An Italian missionary manages farming and fishing for 2,500 families. He began 30 years ago, and will participate in the Synod on the Amazon convoked by Pope Francis.
“Give a man a fish and feed him for a day; teach him to fish and feed him for a lifetime,” says the famous Chinese proverb. Italian missionary Giovanni Mometti went further: he doesn’t only teach people to fish, but also to farm fish. In 1989 in Amazonia he began a project to help families to eradicate hunger while respecting nature.
The project is called “New Moses.” Just as the biblical patriarch was saved from the waters as a child and later parted the Red Sea to save the people of Israel, the inhabitants of Amazonia are saved from death thanks to water management on their lands, where they can cultivate rice, farm fish, and raise animals.
Food for 2,500 families
Mometti, who has lived in Brazil since 1956, explains that this initiative benefits 2,500 families and is a good model that can continue to be expanded.
“Without uprooting a single tree, Amazonia can be converted into the breadbox of the poor,” says Mometti, who is 82 years old. His work in the region was preceded by a lifetime spent working with the lepers of Brazil, so he knows very well who the people most in need are.
State concession of 5 hectares per family
New Moses is active in the regions of Bragantina and Salgado in the northern Brazilian state of Parà. Its center is the Vibra João XXIII center (Vibra is an acronym that stands for, roughly translated, “Volunteers in Brazil for Amazonia”), which entrusts each family with 5 hectares (about 5 football fields) of land within a legal framework established by the state, conceding them use of the land for 99 years. On this land, there’s an area of wetland for rice cultivation, room for raising animals, and irrigation canals. All of this is done within a framework of sustainability and ecological respect in accordance with the apostolic exhortation “Laudato Si’.”
Funds needed to ensure the project’s future
The Italian missionary was in Rome this past January, invited by Pope Francis to Casa Santa Marta.
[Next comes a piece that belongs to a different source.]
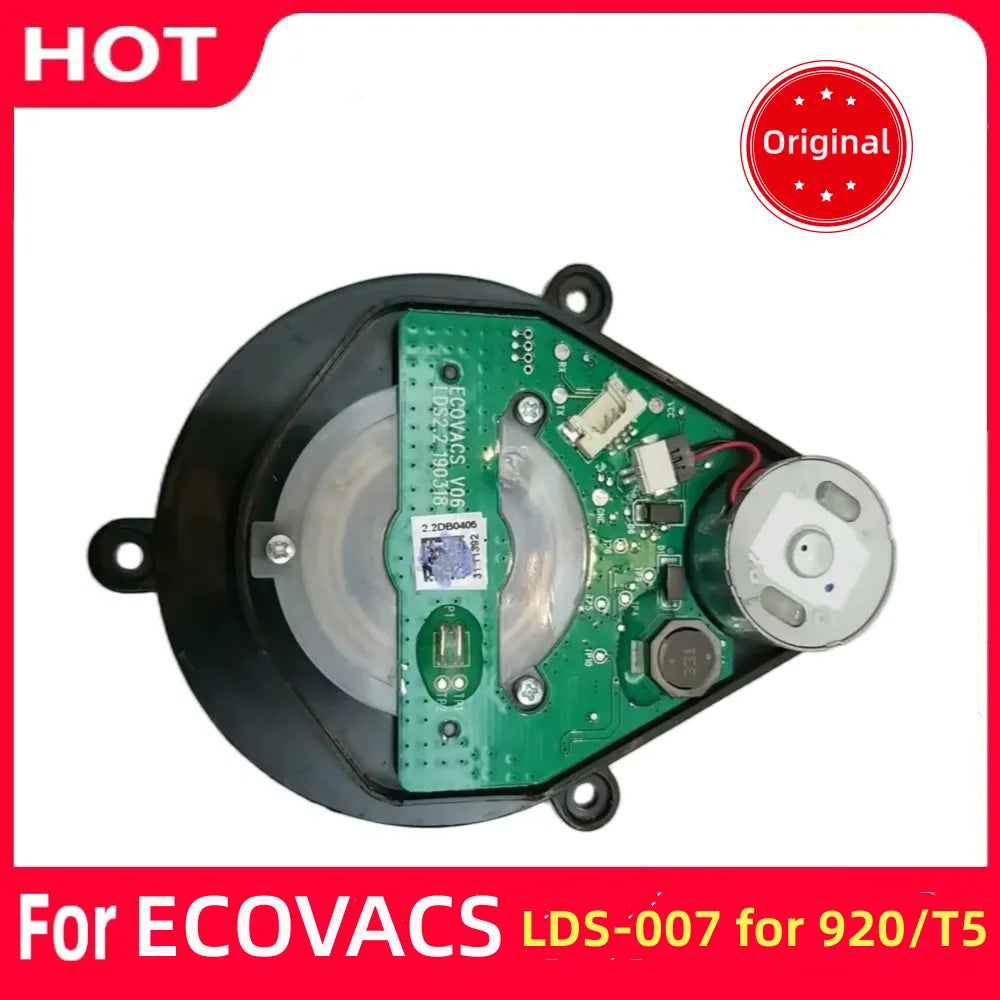 LDS-007 Laser Distance Sensor LDS for ECOVACS DEEBOT OZMO DX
He warns: “We have to be prepared, because when the 99 years are up, we need to have raised the funds needed to be able to renew the land concessions, so other people with more money don’t come and take it away.”
Mometti will attend the Synod on Amazonia at the Vatican in October, convoked by Pope Francis. He believes it’s an opportunity to sound the alarm regarding the danger the world is facing if we destroy the planet. “Amazonia is the last frontier humanity has left for preserving oxygen and eradicating hunger,” he emphasizes.
Following the New Moses model, the ecological chain isn’t broken. The animals provide nutrients for the fish, and the families live off the rice, fish, and pigs (which produce about 660 pounds of meat each year). No pesticides are used.
It’s calculated that more than 40 million plants have been destroyed in Amazonia (the region including the Amazon River and its tributaries). With the New Moses project, “without removing a single plant, each hectare of land yields between 40 and 60 tons of food.”